It’s not entirely clear how long Palpatine served as a Sith Apprentice, but if the Sith follow a model similar to the Jedi, he would have been in training as a child (of course, the Sith do a lot of things very differently to the Jedi, so who knows?). During this time he would become one of the potent Force users the galaxy had ever known, but perhaps more importantly, he would learn when not to wield his powers – which I personally consider to be his greatest strength.
At some point prior to the events of The Phantom Menace Palpatine contacted the Trade Federation in his guise as Darth Sidious, and made arrangements to have his home world blockaded. As the film progressed, we saw Palpatine adapt his plan as and when he needed to (he was smart enough to be prepared for variables). It would seem likely his original plan was for Queen Amidala to be a martyr for his cause; her death would be the catalyst for his bid to become Chancellor of the Republic. The interference of the Jedi meant he couldn’t take advantage of this, but when Amidala was brought to Coruscant, Palpatine used her directly to call for a vote of no confidence in the existing Chancellor. This may have even been more effective than doing so himself.
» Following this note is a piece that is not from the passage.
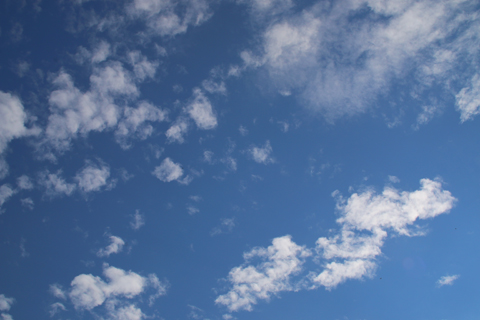 d0063314_593938.jpg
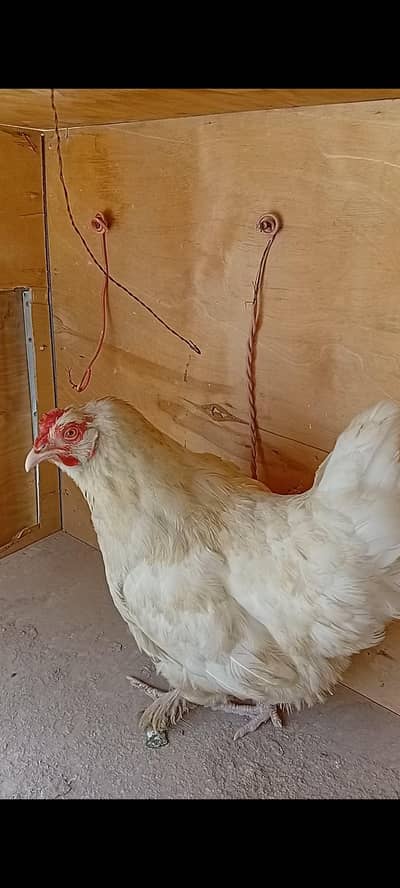 buff female whtspp03311079150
So, as Sidious, he had maneuvered the Trade Federation into forming the beginning of an enemy of the Republic, and generated a huge groundswell of sympathy for himself in the Senate – that carried him straight to the top – and it would seem that he never used the Force to carry out his plans! Using his apprentice Darth Maul, Sidious revealed the Sith to the Jedi, but there was nothing tying him to the events on Naboo, and the Jedi had no idea what to expect from a modern Sith.
During the ten or so years between the events of The Phantom Menace and Attack of the Clones, Palpatine would quietly stir up anxiety and tension within the Republic, via his proxy and new apprentice Count Dooku (a former Jedi of much experience and charisma himself). Palpatine charged Dooku with using the Trade Federation (and other parties) to act as a Separatist organisation – once again, Palpatine ensured he could not be traced back to these actions – secret communications to Dooku and clever planning yet again meant he was one step ahead of everyone else.
We also saw more of Palpatine’s adaptability in Attack of the Clones. Once again, he wanted Amidala dead, and yet again, this was to generate sympathy for his wishes. Amidala was dead set against the formation of a Republic army – her death, supposedly at the hands of Separatists – would have served to boost support for an army greatly. When Amidala defied attempts to kill her, Palpatine saw an opportunity to use her in a different way – by having Anakin Skywalker become one of her bodyguards, Palpatine opened up a new means of manipulating and controlling Anakin.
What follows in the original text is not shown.